"bro-cluster-in-a-box-setup" to "zeek-cluster-in-a-box-setup"?

Hello Zeek Community,

I am working on a project where Zeek has been deployed in two phases. During the first phase, some participants used “https://github.com/ncsa/bro-cluster-in-a-box-setup” script to assist in, and automate a lot of the installation process.

Since then we have entered the phase in our project where more participants have been added, CentOS 8 is preferred, and we are using Zeek 3.0.1.

I wonder if any consideration, or work has been done, in updating the bro-cluster-in-a-box script to work with the updated OS and Zeek version. Any information would be appreciated.

Thanks in advance,

Paul Sibley

Hi!

It shouldn’t be that hard to update to 3.x…

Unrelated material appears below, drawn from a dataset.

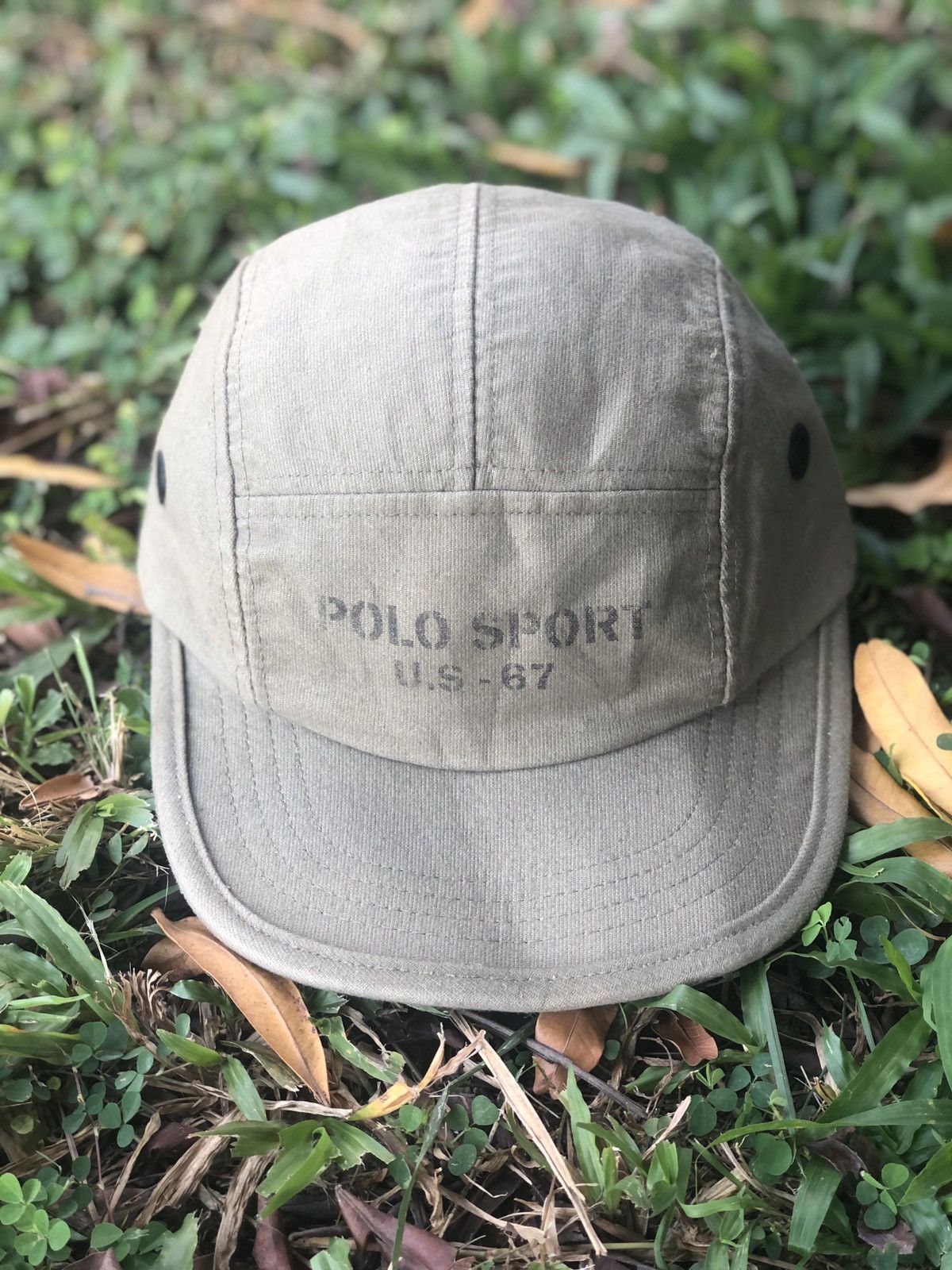 🇺🇸 Polo Ralph Lauren Sport 5 Panel U.S 67 Military Hat Rare - 1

  • bro-pkg should be swapped out with the renamed zkg
  • the python2 references can likely be changed to 3
  • caf no longer needs to be installed separately
  • geoip and databases needs to be swapped out with maxminddb versions, might need a license
  • probably worth it to switch to af_packet from pf_ring… pf_ring was only used initially to easily support capturing directly from both halves of a tap, which might not be a requirement anymore.

My schedule is a bit crazy for the next week, but once I have some time to work on it I should be able to get things updated pretty quickly… There’s really not much to it.

At the Canarie workshop, Steve Smoot from Corelight suggested using pf_ring still. Any thoughts/comments on switching to af_packet? Advantages vs Disadvantages?

Regards,
Scott

Well, it was more nuanced. Or should have been. I think AFpacket is generally better but if you want 2 taps, then PF_Ring.
But always happy to hear other people’s experience!
-s

There’s a law that if you say pf_ring and af_packet 3 times, Michal shows up.

I don’t see many (any?) reasons for using pf_ring, TBH, if you have a modern kernel or a decent network card (Mellanox, Intel, etc). And I still owe the community the article to show how to use the af_packet correctly :confused:

The case where one has inputs from multiple taps, to multiple network ports will be handled the same way by af_packet, if interfaces are bonded or bridged and by pf_ring. None of them buffers data and processes them at L4 and deals with out of order, etc.

OOOH! You can bond two interfaces together and run af_packet on the bond0 interface? that works?!?

Somewhat of a tangent, but did af_packet in CentOS/RHEL 7 kernels ever solve the distribution of packets across multiple bro/zeek processes when observing IPv6 traffic?

I observed an issue a while back where when watching traffic on an interface (bonded or not) with multiple bro/zeek processes, that all processes would see the IPv6 traffic, vice only one process. IPv4 worked properly, but any network with IPv6 had some nasty logs because of duplication.

Would love to hear this confirmed with no performance issues.

Cheers,

JB



From: justin@corelight.com
Sent: February 5, 2020 5:26 PM
To: michalpurzynski1@gmail.com
Cc: Paul.Sibley@canarie.ca; zeek@zeek.org
Subject: Re: [Zeek] “bro-cluster-in-a-box-setup” to “zeek-cluster-in-a-box-setup”?

|

  • |

OOOH! You can bond two interfaces together and run af_packet on the bond0 interface? that works?!?

You can absolutely do this. We are using af_packet and bonded interfaces throughout the majority of our deployments (approximately 1800 sensors).

We decided on af_packet as it was included in recent (at the time 2yrs ago) kernels. I can’t speak to non-Debian based distro’s, but we haven’t seen any issues related to the use of af_packet.

-Justin

Sure, you can run af_packet on any device, including device-made-of-devices, any virtual and physical interface and a combination thereof. The whole af_packet mechanism (they call it “taps” internally) works on a higher level.

Now let’s address the elephant in the room, shall we.

IPv4 is correctly hashed on relatively modern kernels (I believe RHEL 7.4 has a fix for that) - so you can use the cluster_flow mode.
IPv6 seems to have problems, sometimes - I can see it correctly hashed most of the time (but not always).

What we do on production, is we let card hash packets by src + dst IP address (and never ports, because fragments don’t have port numbers), with the symmetric key, offloading disabled, correct number of queues set and cluster_qm.

If the community is interested I can have an article out in a week - just need to know if there’s someone who wants that?

+1 on the article.

-Justin

+1.

Regards,
C. L. Martinez

+1 on the article.

+1 on the article.

Give me a week, I already started working on it. I’ll be in touch with Amber. to post it to the official Zeek blog (and only there).